**The problem**
Extract the line that contains "In this lab, you" and every line after it through the end of the records below, exactly as written, leaving out any pictures.

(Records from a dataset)
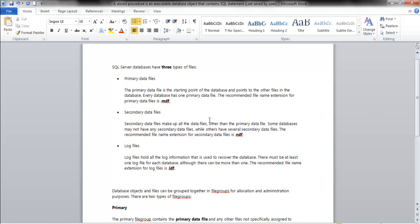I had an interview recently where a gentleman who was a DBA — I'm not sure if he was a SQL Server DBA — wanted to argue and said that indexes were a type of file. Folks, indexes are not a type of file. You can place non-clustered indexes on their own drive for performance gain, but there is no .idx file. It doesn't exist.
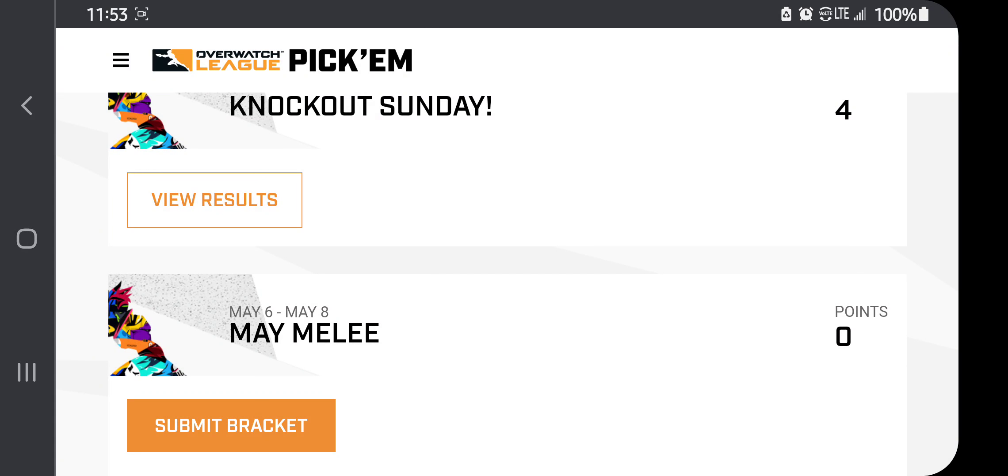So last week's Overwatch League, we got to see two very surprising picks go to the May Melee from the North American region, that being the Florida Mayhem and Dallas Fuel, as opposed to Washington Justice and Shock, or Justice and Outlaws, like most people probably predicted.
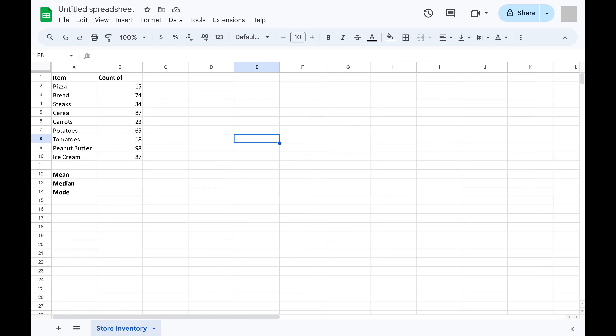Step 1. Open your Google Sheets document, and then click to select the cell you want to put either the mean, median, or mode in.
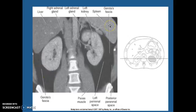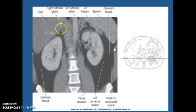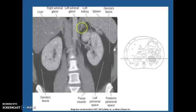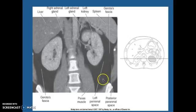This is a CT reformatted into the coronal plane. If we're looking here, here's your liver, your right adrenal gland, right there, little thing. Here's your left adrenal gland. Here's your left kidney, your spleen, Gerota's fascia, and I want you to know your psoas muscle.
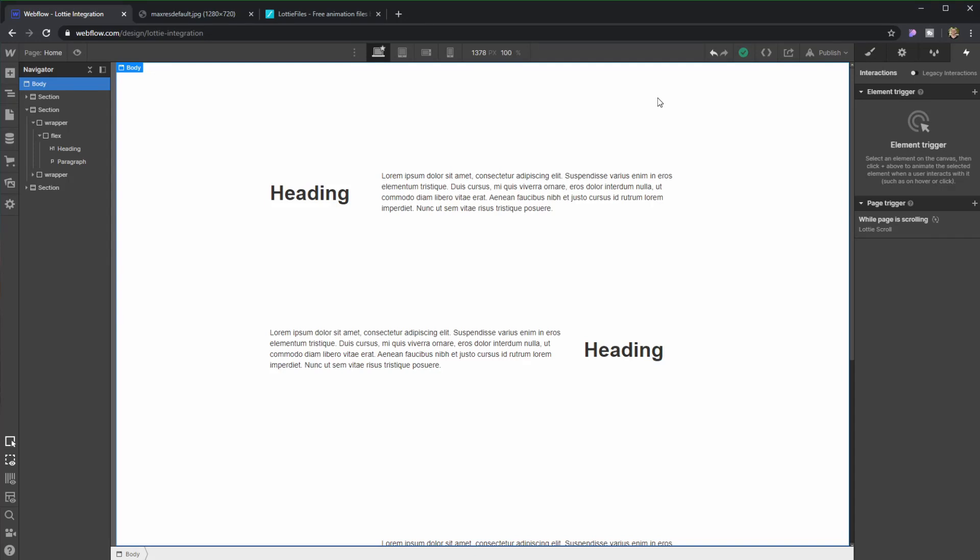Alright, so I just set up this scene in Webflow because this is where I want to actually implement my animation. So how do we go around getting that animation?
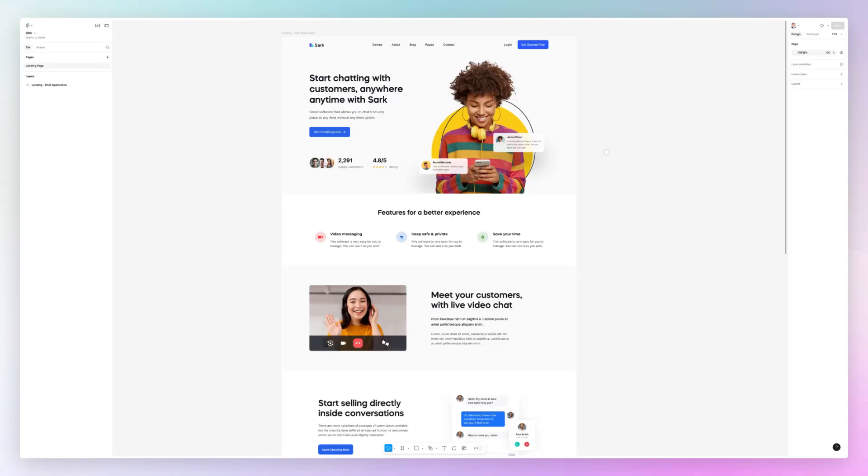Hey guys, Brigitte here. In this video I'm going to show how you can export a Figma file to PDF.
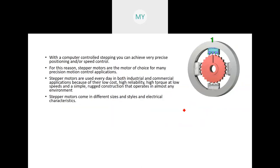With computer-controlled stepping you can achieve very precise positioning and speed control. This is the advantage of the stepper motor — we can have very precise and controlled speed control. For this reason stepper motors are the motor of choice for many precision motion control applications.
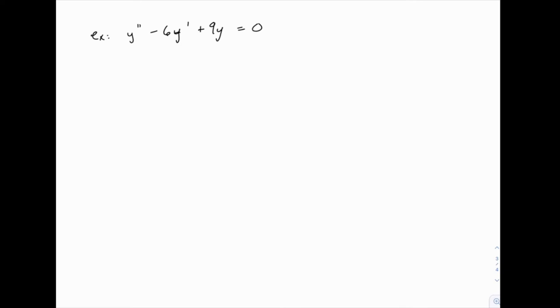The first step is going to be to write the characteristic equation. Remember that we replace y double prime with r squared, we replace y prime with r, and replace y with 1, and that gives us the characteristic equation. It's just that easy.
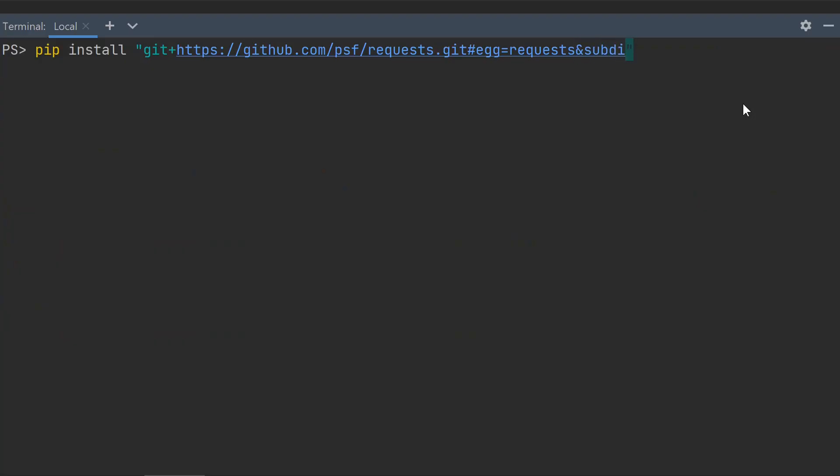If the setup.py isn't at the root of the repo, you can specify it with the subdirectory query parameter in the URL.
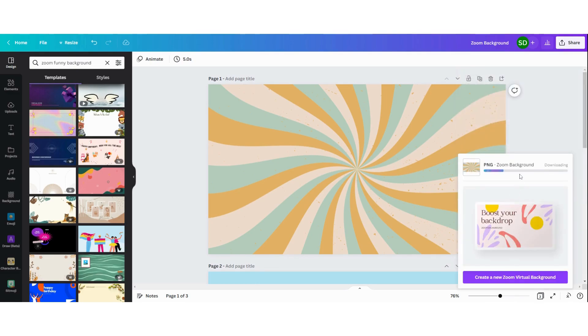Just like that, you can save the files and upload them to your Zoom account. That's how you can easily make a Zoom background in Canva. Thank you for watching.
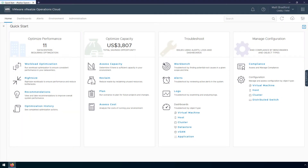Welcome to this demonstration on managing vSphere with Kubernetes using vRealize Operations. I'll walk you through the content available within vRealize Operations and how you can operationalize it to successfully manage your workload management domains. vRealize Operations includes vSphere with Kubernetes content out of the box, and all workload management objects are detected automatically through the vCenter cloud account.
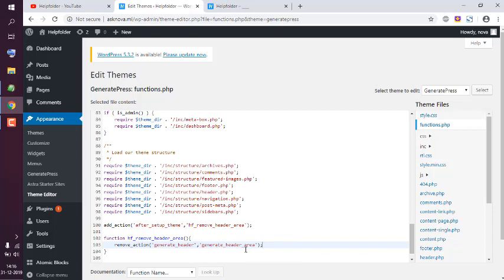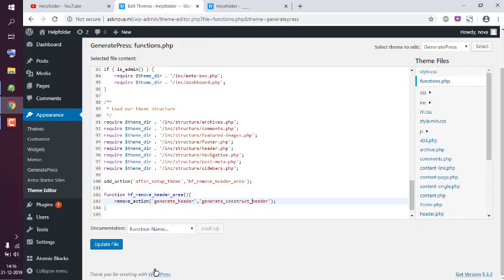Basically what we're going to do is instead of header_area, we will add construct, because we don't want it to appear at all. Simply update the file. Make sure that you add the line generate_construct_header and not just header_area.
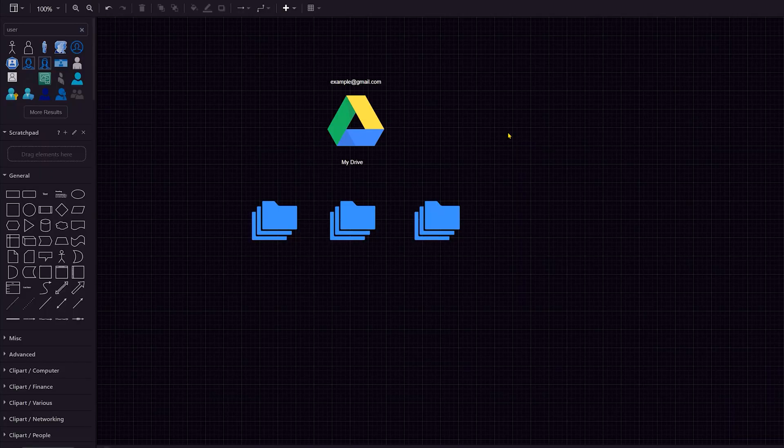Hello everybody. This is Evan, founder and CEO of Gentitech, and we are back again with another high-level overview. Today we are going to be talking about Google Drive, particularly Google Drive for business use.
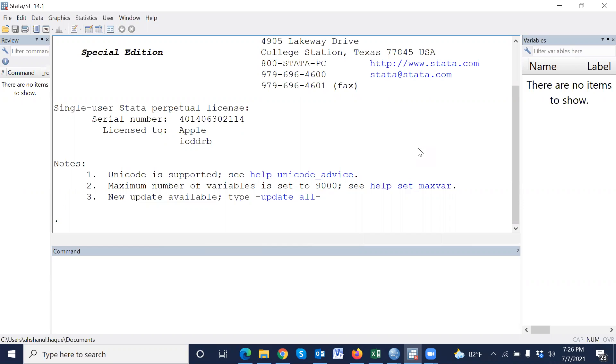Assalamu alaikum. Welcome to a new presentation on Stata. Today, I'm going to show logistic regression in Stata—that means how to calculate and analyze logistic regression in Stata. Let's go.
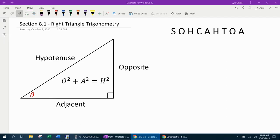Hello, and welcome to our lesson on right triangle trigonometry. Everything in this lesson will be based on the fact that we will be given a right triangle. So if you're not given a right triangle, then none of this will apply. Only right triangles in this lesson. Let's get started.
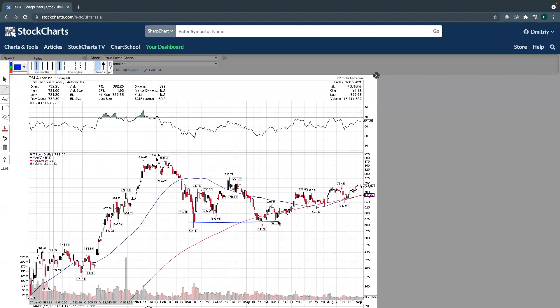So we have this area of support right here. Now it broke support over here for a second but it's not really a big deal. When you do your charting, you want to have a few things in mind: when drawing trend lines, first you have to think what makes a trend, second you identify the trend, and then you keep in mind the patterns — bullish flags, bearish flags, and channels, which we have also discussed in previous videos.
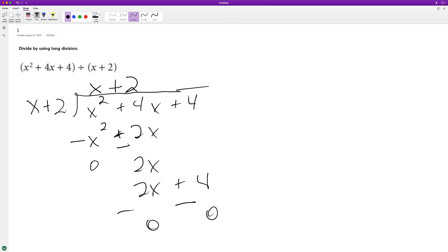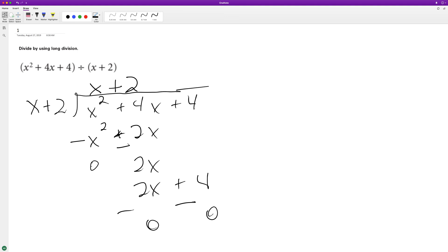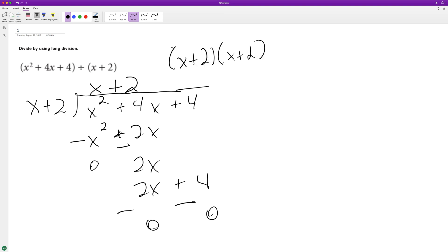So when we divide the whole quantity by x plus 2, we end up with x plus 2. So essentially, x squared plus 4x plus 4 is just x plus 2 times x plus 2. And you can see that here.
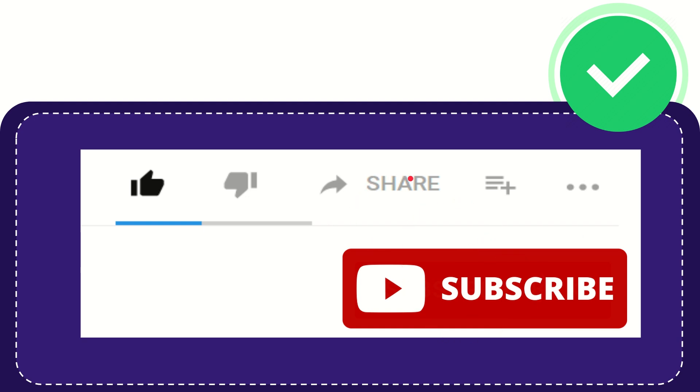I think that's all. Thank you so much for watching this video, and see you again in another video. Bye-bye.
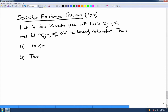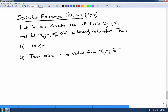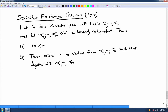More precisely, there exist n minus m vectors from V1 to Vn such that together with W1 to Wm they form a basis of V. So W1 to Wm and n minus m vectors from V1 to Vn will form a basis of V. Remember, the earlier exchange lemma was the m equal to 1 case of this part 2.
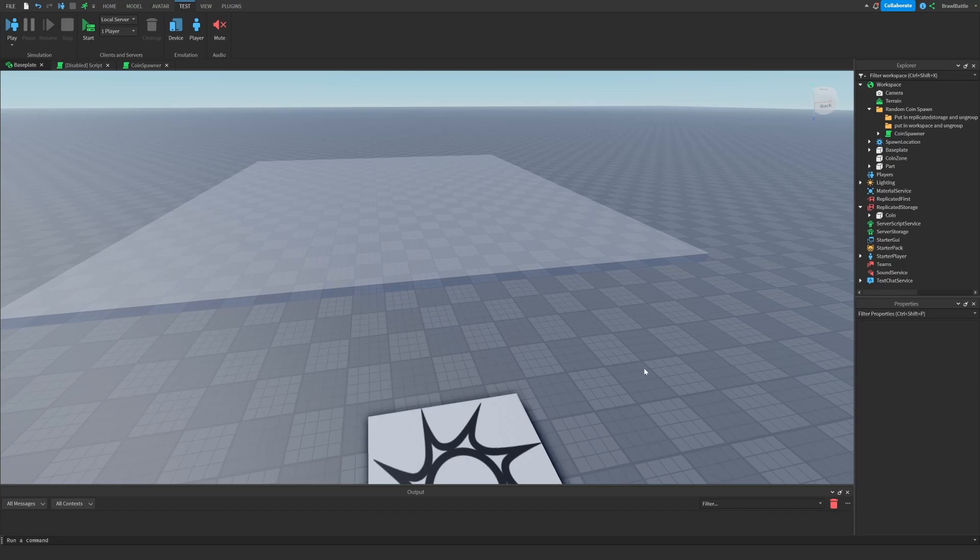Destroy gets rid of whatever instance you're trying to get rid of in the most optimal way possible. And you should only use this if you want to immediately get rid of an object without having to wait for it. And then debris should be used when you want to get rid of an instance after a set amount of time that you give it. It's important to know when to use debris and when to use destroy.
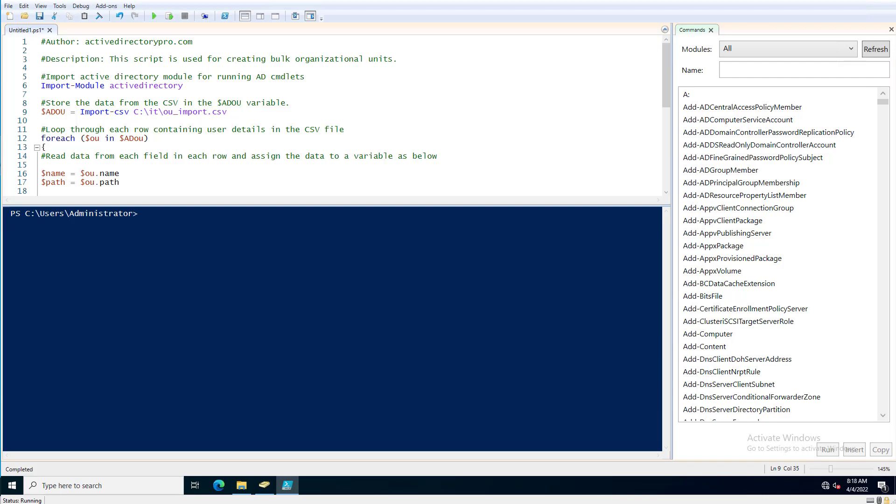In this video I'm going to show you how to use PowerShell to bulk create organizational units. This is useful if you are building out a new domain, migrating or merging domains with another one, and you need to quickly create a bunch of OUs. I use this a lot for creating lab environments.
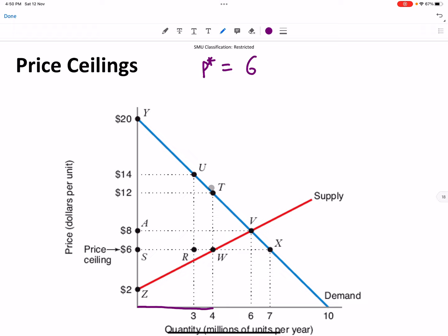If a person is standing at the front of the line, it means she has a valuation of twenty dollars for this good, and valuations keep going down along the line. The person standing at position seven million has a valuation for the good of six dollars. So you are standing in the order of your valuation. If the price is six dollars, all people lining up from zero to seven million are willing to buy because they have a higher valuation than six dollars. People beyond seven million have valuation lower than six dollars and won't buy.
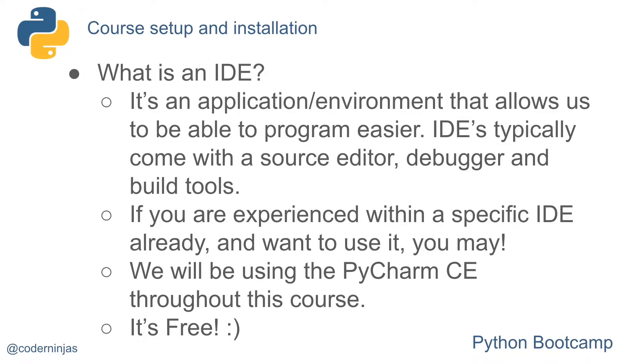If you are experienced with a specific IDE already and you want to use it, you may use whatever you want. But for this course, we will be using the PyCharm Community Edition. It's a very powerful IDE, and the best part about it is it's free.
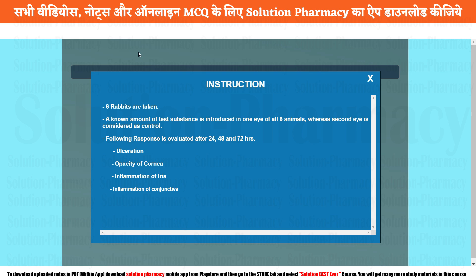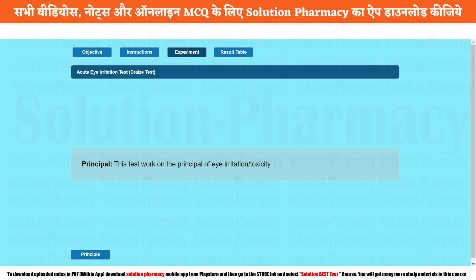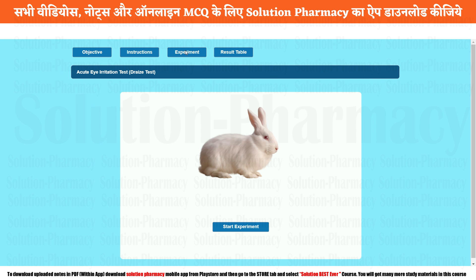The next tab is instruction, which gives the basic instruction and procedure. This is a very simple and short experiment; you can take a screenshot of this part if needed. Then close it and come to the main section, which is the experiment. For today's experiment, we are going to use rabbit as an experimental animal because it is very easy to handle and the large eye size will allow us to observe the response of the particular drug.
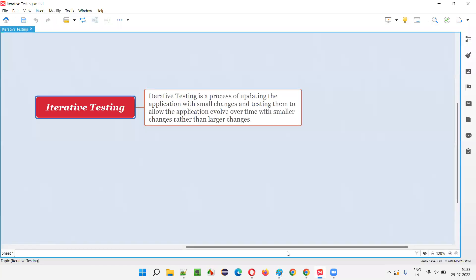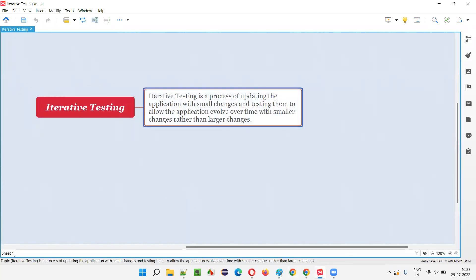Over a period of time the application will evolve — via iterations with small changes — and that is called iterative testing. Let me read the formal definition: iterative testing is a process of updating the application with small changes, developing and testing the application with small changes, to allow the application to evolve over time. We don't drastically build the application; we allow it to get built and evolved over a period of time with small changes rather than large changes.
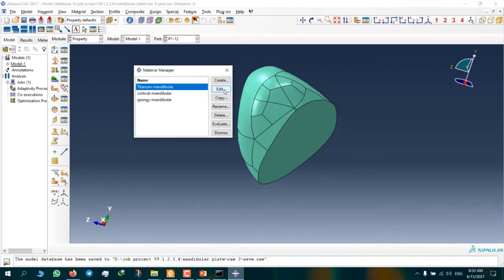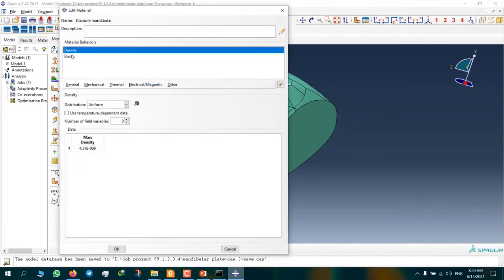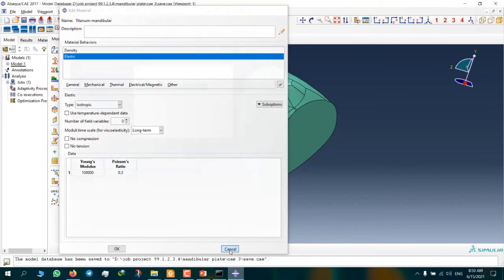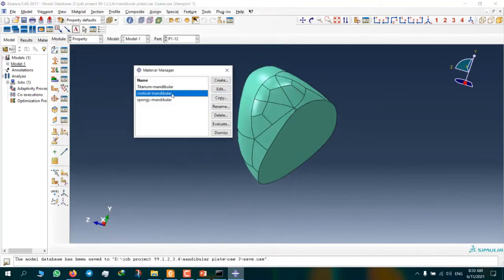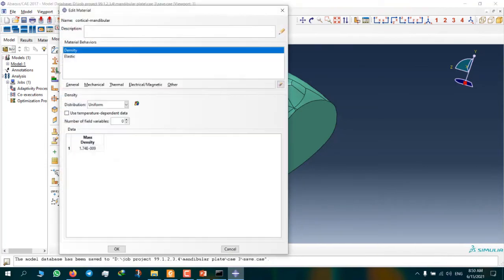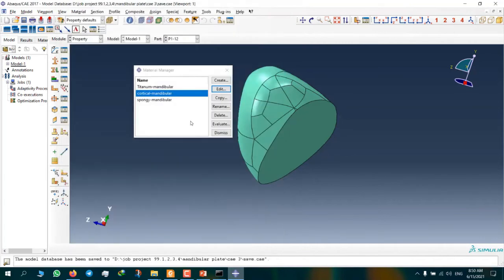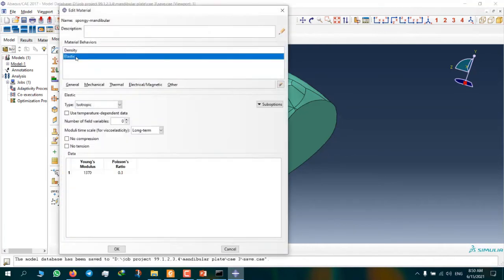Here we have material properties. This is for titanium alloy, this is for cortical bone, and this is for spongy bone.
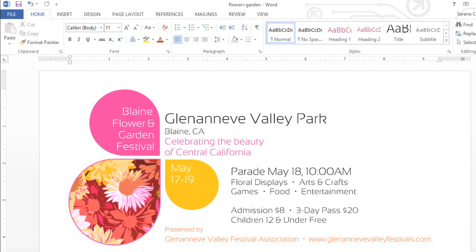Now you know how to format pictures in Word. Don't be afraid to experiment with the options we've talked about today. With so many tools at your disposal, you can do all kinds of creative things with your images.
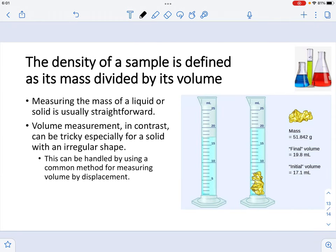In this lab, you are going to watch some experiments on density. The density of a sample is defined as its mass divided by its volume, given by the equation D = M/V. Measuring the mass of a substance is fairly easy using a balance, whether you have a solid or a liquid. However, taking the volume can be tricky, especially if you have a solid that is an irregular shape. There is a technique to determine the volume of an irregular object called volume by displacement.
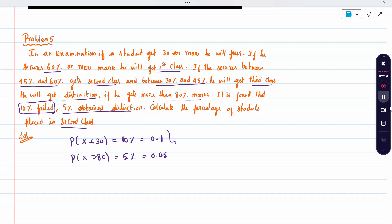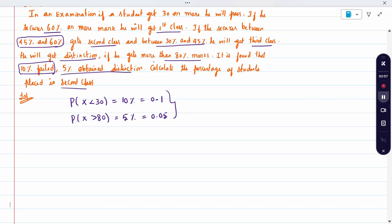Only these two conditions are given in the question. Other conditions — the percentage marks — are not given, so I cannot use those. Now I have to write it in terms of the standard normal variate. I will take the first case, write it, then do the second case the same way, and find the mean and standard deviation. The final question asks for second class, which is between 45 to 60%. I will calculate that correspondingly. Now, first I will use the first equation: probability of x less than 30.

**Task answer**
In this lab, you are going to watch some experiments on density. The density of a sample is defined as its mass divided by its volume, given by the equation D = M/V. Measuring the mass of a substance is fairly easy using a balance, whether you have a solid or a liquid. However, taking the volume can be tricky, especially if you have a solid that is an irregular shape. There is a technique to determine the volume of an irregular object called volume by displacement.
Only these two conditions are given in the question. Other conditions — the percentage marks — are not given, so I cannot use those. Now I have to write it in terms of the standard normal variate. I will take the first case, write it, then do the second case the same way, and find the mean and standard deviation. The final question asks for second class, which is between 45 to 60%. I will calculate that correspondingly. Now, first I will use the first equation: probability of x less than 30.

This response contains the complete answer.